Il tema di questo romanzo è il viaggio dei bimbi del
mezzogiorno, che nel primo dopoguerra, tramite un’idea di solidarietà della
sinistra, trascorrevano qualche mese al nord, presso famiglie che potevano
alleviare la povertà, garantendo cibo, affetto e cultura. Un viaggio tra due
mondi lontani e i piccoli rimanevano sospesi in mezzo, una gamba a Napoli e una
a Bologna, senza sentirsi parte di nulla, senza più un vero senso di
appartenenza. Un fatto che non conoscevo (e che approfondirò con altri scritti
che mi sono stati consigliati, se a qualcuno interessassero, ve li condivido)
descritto con la delicatezza che meritano i bambini e la sincerità secca necessaria
per descrivere uno spartiacque emotivo di tale portata.
Il protagonista è Amerigo, che possiede solo una scatola di
latta e sua madre, schiva pure quella, non avvezza alle cose del cuore. Il
bimbo ha l’opportunità di vedere la differenza tra il suo mondo e quello dei
coetanei più fortunati. E affronta e ci fa affrontare temi legati alla
solidarietà, a come fare del bene può contemporaneamente ferire, al senso di
comunità e di famiglia. A come il luogo di nascita può decretare la fortuna (o
meno) della riuscita di una vita.
Niente recensione dunque, perché di quelle ne trovate a
dozzine, ma solo il mio ricordo, scoperchiato dalle pagine che ho letto: l’unica
esperienza simile che ho vissuto sulla mia pelle, di una bimba con un piede sul
lago d’iseo e uno in Bielorussia.
Ha 15 anni, ora quella bimba. Chissà se quando si arrabbia,
alza ancora il pugno al cielo.
“Ma adesso che la distanza è incolmabile e so che non ti
incontrerò più, mi viene il dubbio che sia stato tutto un equivoco, tra me e
te. Un amore fatto di malintesi.”
"Mia mamma avanti e io appresso. Per dentro ai vicoli
dei Quartieri spagnoli mia mamma cammina veloce: ogni passo suo, due miei.

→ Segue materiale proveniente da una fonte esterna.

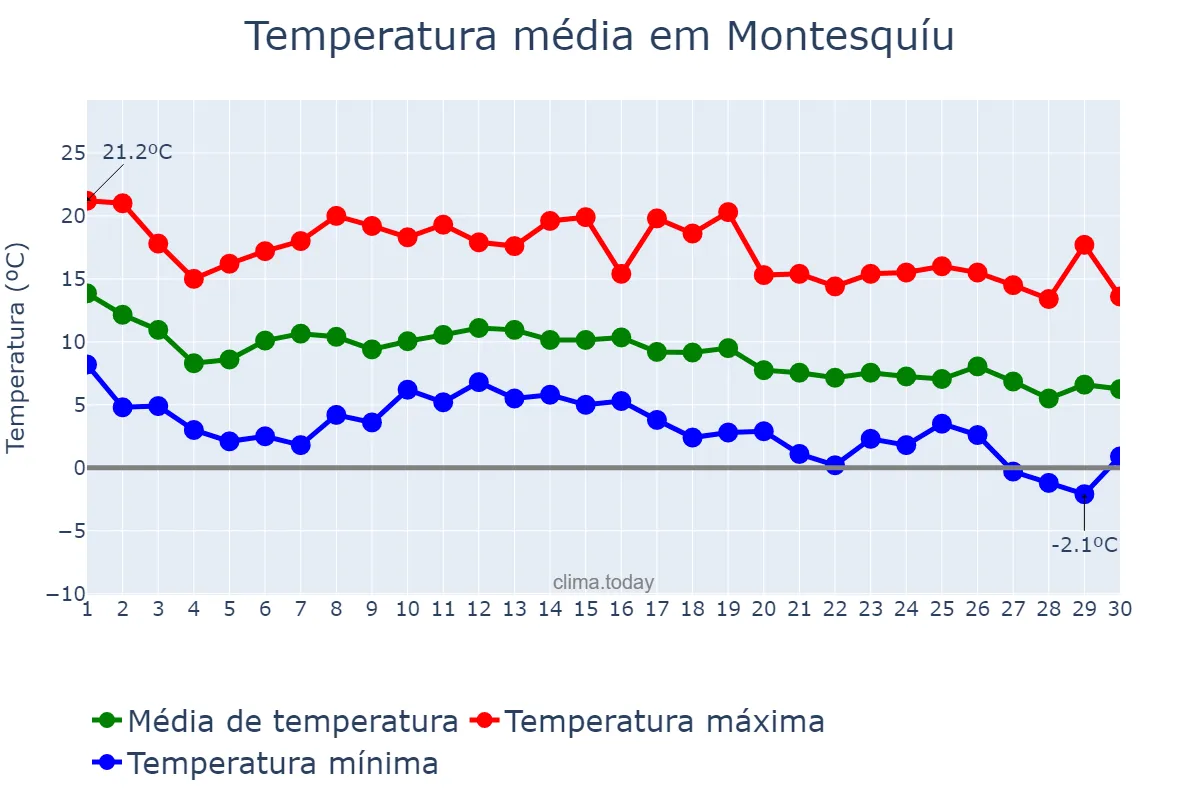 Temperatura em novembro em Montesquíu, Catalonia, ES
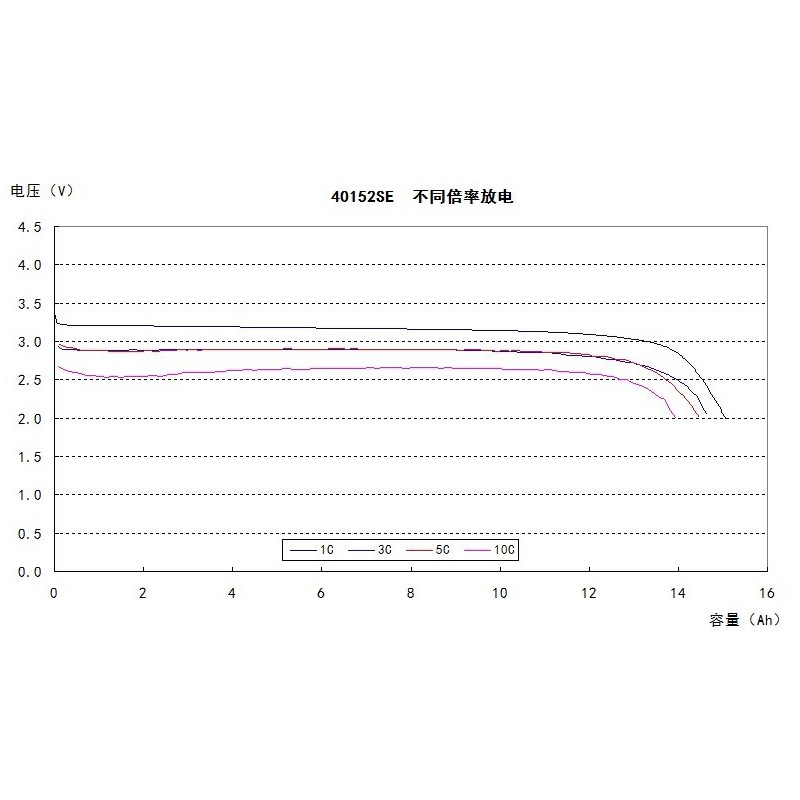 Headway Lithium cell 3.2V 15Ah 40152S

Guardo le scarpe della gente. Scarpa sana: un punto; scarpa bucata: perdo un
punto. Senza scarpe: zero punti. Scarpe nuove: stella premio. Io scarpe mie non
ne ho avute mai, porto quelle degli altri e mi fanno sempre male. Mia mamma
dice che cammino storto. Non è colpa mia. Sono le scarpe degli altri. Hanno la
forma dei piedi che le hanno usate prima di me. Hanno pigliato le abitudini
loro, hanno fatto altre strade, altri giochi. E quando arrivano a me, che ne
sanno di come cammino io e di dove voglio andare? Si devono abituare mano mano,
ma intanto il piede cresce, le scarpe si fanno piccole e stiamo punto e a capo."